* [How to complete this task]: Could you transcribe the material below exactly, without leaving out a single line?

* [Source data]:
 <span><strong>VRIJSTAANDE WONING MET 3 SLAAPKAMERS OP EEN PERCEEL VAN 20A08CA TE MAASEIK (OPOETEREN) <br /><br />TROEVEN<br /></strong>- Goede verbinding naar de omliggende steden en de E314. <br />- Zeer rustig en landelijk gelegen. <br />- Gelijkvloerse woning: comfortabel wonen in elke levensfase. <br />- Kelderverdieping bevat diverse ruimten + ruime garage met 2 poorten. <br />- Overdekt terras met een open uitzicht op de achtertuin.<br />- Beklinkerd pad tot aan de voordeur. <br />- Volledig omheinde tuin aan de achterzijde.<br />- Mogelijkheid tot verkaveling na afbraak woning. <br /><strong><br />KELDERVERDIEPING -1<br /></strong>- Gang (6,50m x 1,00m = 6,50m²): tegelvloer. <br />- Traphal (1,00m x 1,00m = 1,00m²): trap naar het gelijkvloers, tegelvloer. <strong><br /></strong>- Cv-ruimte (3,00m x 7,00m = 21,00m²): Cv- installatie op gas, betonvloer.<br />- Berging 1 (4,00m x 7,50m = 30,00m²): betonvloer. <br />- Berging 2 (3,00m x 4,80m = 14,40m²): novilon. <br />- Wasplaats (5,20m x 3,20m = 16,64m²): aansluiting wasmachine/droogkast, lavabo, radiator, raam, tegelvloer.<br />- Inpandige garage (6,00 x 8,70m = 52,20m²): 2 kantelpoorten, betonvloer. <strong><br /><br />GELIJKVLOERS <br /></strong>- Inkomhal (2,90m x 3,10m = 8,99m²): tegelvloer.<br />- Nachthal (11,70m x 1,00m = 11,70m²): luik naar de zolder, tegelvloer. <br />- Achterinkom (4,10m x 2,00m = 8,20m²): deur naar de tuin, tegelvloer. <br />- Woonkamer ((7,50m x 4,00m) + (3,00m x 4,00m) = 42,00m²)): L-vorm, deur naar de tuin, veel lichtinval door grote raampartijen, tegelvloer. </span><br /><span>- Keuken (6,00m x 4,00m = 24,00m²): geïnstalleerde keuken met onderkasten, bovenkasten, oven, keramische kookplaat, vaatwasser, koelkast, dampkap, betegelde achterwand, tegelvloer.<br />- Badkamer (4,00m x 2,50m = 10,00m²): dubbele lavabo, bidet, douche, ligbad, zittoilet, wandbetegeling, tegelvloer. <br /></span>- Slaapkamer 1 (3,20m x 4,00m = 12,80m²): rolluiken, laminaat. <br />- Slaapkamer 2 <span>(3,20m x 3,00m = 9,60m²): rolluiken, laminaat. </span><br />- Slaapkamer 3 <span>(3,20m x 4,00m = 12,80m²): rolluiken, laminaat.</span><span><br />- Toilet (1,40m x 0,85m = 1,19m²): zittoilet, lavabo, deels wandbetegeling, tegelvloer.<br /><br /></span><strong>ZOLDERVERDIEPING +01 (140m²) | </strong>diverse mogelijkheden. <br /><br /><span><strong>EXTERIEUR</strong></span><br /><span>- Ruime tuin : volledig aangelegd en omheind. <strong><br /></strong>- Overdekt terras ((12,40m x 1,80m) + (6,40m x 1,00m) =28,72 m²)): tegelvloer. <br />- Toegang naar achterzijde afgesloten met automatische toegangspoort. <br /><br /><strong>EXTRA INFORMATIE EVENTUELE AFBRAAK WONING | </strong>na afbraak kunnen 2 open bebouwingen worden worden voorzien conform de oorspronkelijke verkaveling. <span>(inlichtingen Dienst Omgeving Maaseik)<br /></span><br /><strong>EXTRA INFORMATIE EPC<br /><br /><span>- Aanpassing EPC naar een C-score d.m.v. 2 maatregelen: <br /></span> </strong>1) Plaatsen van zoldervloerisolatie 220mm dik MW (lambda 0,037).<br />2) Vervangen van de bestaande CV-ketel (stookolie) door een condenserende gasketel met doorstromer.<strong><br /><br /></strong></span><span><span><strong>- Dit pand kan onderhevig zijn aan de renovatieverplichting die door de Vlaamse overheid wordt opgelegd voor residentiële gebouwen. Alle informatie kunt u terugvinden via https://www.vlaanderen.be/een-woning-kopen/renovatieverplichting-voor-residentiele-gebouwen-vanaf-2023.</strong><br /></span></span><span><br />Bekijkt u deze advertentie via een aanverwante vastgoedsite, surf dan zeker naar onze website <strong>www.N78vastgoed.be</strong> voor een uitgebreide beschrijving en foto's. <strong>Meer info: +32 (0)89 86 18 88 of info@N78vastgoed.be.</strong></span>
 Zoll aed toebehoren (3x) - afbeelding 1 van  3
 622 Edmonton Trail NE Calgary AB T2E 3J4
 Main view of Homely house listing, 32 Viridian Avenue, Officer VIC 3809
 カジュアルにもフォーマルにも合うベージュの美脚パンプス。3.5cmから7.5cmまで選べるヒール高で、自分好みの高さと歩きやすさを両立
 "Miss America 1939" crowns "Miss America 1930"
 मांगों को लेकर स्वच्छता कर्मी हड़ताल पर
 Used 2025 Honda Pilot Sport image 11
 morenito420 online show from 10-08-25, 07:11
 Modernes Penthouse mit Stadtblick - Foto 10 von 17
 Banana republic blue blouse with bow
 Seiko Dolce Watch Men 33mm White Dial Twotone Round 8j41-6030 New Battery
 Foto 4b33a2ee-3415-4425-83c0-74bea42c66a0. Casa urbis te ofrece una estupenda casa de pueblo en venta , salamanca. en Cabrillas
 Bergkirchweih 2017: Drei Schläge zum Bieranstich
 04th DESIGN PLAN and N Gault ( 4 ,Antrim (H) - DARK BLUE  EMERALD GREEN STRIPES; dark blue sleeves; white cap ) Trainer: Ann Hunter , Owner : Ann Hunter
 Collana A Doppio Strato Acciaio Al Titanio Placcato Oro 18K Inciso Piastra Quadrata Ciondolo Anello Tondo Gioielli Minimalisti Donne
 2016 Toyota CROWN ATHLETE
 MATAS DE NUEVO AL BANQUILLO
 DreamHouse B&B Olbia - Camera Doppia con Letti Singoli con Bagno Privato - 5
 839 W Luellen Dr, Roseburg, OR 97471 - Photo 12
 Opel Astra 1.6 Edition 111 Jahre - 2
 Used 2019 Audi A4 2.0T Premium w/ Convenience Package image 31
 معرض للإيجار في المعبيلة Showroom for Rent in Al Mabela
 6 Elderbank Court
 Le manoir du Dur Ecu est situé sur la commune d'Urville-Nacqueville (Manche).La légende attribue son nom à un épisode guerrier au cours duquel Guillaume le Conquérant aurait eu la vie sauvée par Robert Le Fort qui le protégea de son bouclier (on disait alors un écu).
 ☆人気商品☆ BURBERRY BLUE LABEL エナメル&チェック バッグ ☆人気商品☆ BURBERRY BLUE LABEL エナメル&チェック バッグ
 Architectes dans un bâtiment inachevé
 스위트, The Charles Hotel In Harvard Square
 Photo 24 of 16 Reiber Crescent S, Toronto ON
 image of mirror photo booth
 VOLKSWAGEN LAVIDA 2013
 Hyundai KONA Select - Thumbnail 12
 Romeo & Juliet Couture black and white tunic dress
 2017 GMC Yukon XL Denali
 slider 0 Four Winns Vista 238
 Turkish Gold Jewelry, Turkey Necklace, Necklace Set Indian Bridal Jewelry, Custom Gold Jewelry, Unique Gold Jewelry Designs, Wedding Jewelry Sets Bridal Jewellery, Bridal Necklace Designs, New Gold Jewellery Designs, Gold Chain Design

* [Task solution]:
 <span><strong>VRIJSTAANDE WONING MET 3 SLAAPKAMERS OP EEN PERCEEL VAN 20A08CA TE MAASEIK (OPOETEREN) <br /><br />TROEVEN<br /></strong>- Goede verbinding naar de omliggende steden en de E314. <br />- Zeer rustig en landelijk gelegen. <br />- Gelijkvloerse woning: comfortabel wonen in elke levensfase. <br />- Kelderverdieping bevat diverse ruimten + ruime garage met 2 poorten. <br />- Overdekt terras met een open uitzicht op de achtertuin.<br />- Beklinkerd pad tot aan de voordeur. <br />- Volledig omheinde tuin aan de achterzijde.<br />- Mogelijkheid tot verkaveling na afbraak woning. <br /><strong><br />KELDERVERDIEPING -1<br /></strong>- Gang (6,50m x 1,00m = 6,50m²): tegelvloer. <br />- Traphal (1,00m x 1,00m = 1,00m²): trap naar het gelijkvloers, tegelvloer. <strong><br /></strong>- Cv-ruimte (3,00m x 7,00m = 21,00m²): Cv- installatie op gas, betonvloer.<br />- Berging 1 (4,00m x 7,50m = 30,00m²): betonvloer. <br />- Berging 2 (3,00m x 4,80m = 14,40m²): novilon. <br />- Wasplaats (5,20m x 3,20m = 16,64m²): aansluiting wasmachine/droogkast, lavabo, radiator, raam, tegelvloer.<br />- Inpandige garage (6,00 x 8,70m = 52,20m²): 2 kantelpoorten, betonvloer. <strong><br /><br />GELIJKVLOERS <br /></strong>- Inkomhal (2,90m x 3,10m = 8,99m²): tegelvloer.<br />- Nachthal (11,70m x 1,00m = 11,70m²): luik naar de zolder, tegelvloer. <br />- Achterinkom (4,10m x 2,00m = 8,20m²): deur naar de tuin, tegelvloer. <br />- Woonkamer ((7,50m x 4,00m) + (3,00m x 4,00m) = 42,00m²)): L-vorm, deur naar de tuin, veel lichtinval door grote raampartijen, tegelvloer. </span><br /><span>- Keuken (6,00m x 4,00m = 24,00m²): geïnstalleerde keuken met onderkasten, bovenkasten, oven, keramische kookplaat, vaatwasser, koelkast, dampkap, betegelde achterwand, tegelvloer.<br />- Badkamer (4,00m x 2,50m = 10,00m²): dubbele lavabo, bidet, douche, ligbad, zittoilet, wandbetegeling, tegelvloer. <br /></span>- Slaapkamer 1 (3,20m x 4,00m = 12,80m²): rolluiken, laminaat. <br />- Slaapkamer 2 <span>(3,20m x 3,00m = 9,60m²): rolluiken, laminaat. </span><br />- Slaapkamer 3 <span>(3,20m x 4,00m = 12,80m²): rolluiken, laminaat.</span><span><br />- Toilet (1,40m x 0,85m = 1,19m²): zittoilet, lavabo, deels wandbetegeling, tegelvloer.<br /><br /></span><strong>ZOLDERVERDIEPING +01 (140m²) | </strong>diverse mogelijkheden. <br /><br /><span><strong>EXTERIEUR</strong></span><br /><span>- Ruime tuin : volledig aangelegd en omheind. <strong><br /></strong>- Overdekt terras ((12,40m x 1,80m) + (6,40m x 1,00m) =28,72 m²)): tegelvloer. <br />- Toegang naar achterzijde afgesloten met automatische toegangspoort. <br /><br /><strong>EXTRA INFORMATIE EVENTUELE AFBRAAK WONING | </strong>na afbraak kunnen 2 open bebouwingen worden worden voorzien conform de oorspronkelijke verkaveling. <span>(inlichtingen Dienst Omgeving Maaseik)<br /></span><br /><strong>EXTRA INFORMATIE EPC<br /><br /><span>- Aanpassing EPC naar een C-score d.m.v. 2 maatregelen: <br /></span> </strong>1) Plaatsen van zoldervloerisolatie 220mm dik MW (lambda 0,037).<br />2) Vervangen van de bestaande CV-ketel (stookolie) door een condenserende gasketel met doorstromer.<strong><br /><br /></strong></span><span><span><strong>- Dit pand kan onderhevig zijn aan de renovatieverplichting die door de Vlaamse overheid wordt opgelegd voor residentiële gebouwen. Alle informatie kunt u terugvinden via https://www.vlaanderen.be/een-woning-kopen/renovatieverplichting-voor-residentiele-gebouwen-vanaf-2023.</strong><br /></span></span><span><br />Bekijkt u deze advertentie via een aanverwante vastgoedsite, surf dan zeker naar onze website <strong>www.N78vastgoed.be</strong> voor een uitgebreide beschrijving en foto's. <strong>Meer info: +32 (0)89 86 18 88 of info@N78vastgoed.be.</strong></span>
 Zoll aed toebehoren (3x) - afbeelding 1 van  3
 622 Edmonton Trail NE Calgary AB T2E 3J4
 Main view of Homely house listing, 32 Viridian Avenue, Officer VIC 3809
 カジュアルにもフォーマルにも合うベージュの美脚パンプス。3.5cmから7.5cmまで選べるヒール高で、自分好みの高さと歩きやすさを両立
 "Miss America 1939" crowns "Miss America 1930"
 मांगों को लेकर स्वच्छता कर्मी हड़ताल पर
 Used 2025 Honda Pilot Sport image 11
 morenito420 online show from 10-08-25, 07:11
 Modernes Penthouse mit Stadtblick - Foto 10 von 17
 Banana republic blue blouse with bow
 Seiko Dolce Watch Men 33mm White Dial Twotone Round 8j41-6030 New Battery
 Foto 4b33a2ee-3415-4425-83c0-74bea42c66a0. Casa urbis te ofrece una estupenda casa de pueblo en venta , salamanca. en Cabrillas
 Bergkirchweih 2017: Drei Schläge zum Bieranstich
 04th DESIGN PLAN and N Gault ( 4 ,Antrim (H) - DARK BLUE  EMERALD GREEN STRIPES; dark blue sleeves; white cap ) Trainer: Ann Hunter , Owner : Ann Hunter
 Collana A Doppio Strato Acciaio Al Titanio Placcato Oro 18K Inciso Piastra Quadrata Ciondolo Anello Tondo Gioielli Minimalisti Donne
 2016 Toyota CROWN ATHLETE
 MATAS DE NUEVO AL BANQUILLO
 DreamHouse B&B Olbia - Camera Doppia con Letti Singoli con Bagno Privato - 5
 839 W Luellen Dr, Roseburg, OR 97471 - Photo 12
 Opel Astra 1.6 Edition 111 Jahre - 2
 Used 2019 Audi A4 2.0T Premium w/ Convenience Package image 31
 معرض للإيجار في المعبيلة Showroom for Rent in Al Mabela
 6 Elderbank Court
 Le manoir du Dur Ecu est situé sur la commune d'Urville-Nacqueville (Manche).La légende attribue son nom à un épisode guerrier au cours duquel Guillaume le Conquérant aurait eu la vie sauvée par Robert Le Fort qui le protégea de son bouclier (on disait alors un écu).
 ☆人気商品☆ BURBERRY BLUE LABEL エナメル&チェック バッグ ☆人気商品☆ BURBERRY BLUE LABEL エナメル&チェック バッグ
 Architectes dans un bâtiment inachevé
 스위트, The Charles Hotel In Harvard Square
 Photo 24 of 16 Reiber Crescent S, Toronto ON
 image of mirror photo booth
 VOLKSWAGEN LAVIDA 2013
 Hyundai KONA Select - Thumbnail 12
 Romeo & Juliet Couture black and white tunic dress
 2017 GMC Yukon XL Denali
 slider 0 Four Winns Vista 238
 Turkish Gold Jewelry, Turkey Necklace, Necklace Set Indian Bridal Jewelry, Custom Gold Jewelry, Unique Gold Jewelry Designs, Wedding Jewelry Sets Bridal Jewellery, Bridal Necklace Designs, New Gold Jewellery Designs, Gold Chain Design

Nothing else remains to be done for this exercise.